## Exercise description
Return every line from the records below with the string "Shorts".

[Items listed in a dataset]
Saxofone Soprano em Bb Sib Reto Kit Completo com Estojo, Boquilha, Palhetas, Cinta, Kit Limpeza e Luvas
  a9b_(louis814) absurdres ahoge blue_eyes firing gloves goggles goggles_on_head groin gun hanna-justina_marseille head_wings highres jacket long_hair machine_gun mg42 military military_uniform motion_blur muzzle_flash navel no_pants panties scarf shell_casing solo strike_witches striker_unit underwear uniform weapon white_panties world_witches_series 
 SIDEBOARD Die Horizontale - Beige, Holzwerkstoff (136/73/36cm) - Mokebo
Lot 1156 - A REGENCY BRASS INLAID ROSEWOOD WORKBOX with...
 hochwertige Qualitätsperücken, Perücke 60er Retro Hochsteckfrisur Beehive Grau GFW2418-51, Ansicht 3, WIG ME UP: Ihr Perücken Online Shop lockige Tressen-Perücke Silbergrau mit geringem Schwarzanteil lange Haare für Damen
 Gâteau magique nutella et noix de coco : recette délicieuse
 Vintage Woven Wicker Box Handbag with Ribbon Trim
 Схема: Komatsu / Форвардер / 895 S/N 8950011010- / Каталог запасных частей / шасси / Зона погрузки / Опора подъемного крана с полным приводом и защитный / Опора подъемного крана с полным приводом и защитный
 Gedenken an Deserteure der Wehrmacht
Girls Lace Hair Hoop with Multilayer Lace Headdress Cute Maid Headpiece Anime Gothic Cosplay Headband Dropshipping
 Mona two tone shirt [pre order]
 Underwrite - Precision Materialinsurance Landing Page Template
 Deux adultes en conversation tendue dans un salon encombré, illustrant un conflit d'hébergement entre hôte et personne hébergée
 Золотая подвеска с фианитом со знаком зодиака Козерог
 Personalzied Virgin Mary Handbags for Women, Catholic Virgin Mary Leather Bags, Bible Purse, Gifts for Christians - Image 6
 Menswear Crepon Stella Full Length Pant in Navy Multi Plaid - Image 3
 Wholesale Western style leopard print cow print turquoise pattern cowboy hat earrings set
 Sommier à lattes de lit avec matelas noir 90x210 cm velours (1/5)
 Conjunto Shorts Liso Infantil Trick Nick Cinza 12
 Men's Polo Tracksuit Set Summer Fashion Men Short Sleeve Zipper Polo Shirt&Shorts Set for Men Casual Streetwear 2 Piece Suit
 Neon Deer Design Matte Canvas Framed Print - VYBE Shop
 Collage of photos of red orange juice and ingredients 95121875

## Solution to the problem
 Conjunto Shorts Liso Infantil Trick Nick Cinza 12
 Men's Polo Tracksuit Set Summer Fashion Men Short Sleeve Zipper Polo Shirt&Shorts Set for Men Casual Streetwear 2 Piece Suit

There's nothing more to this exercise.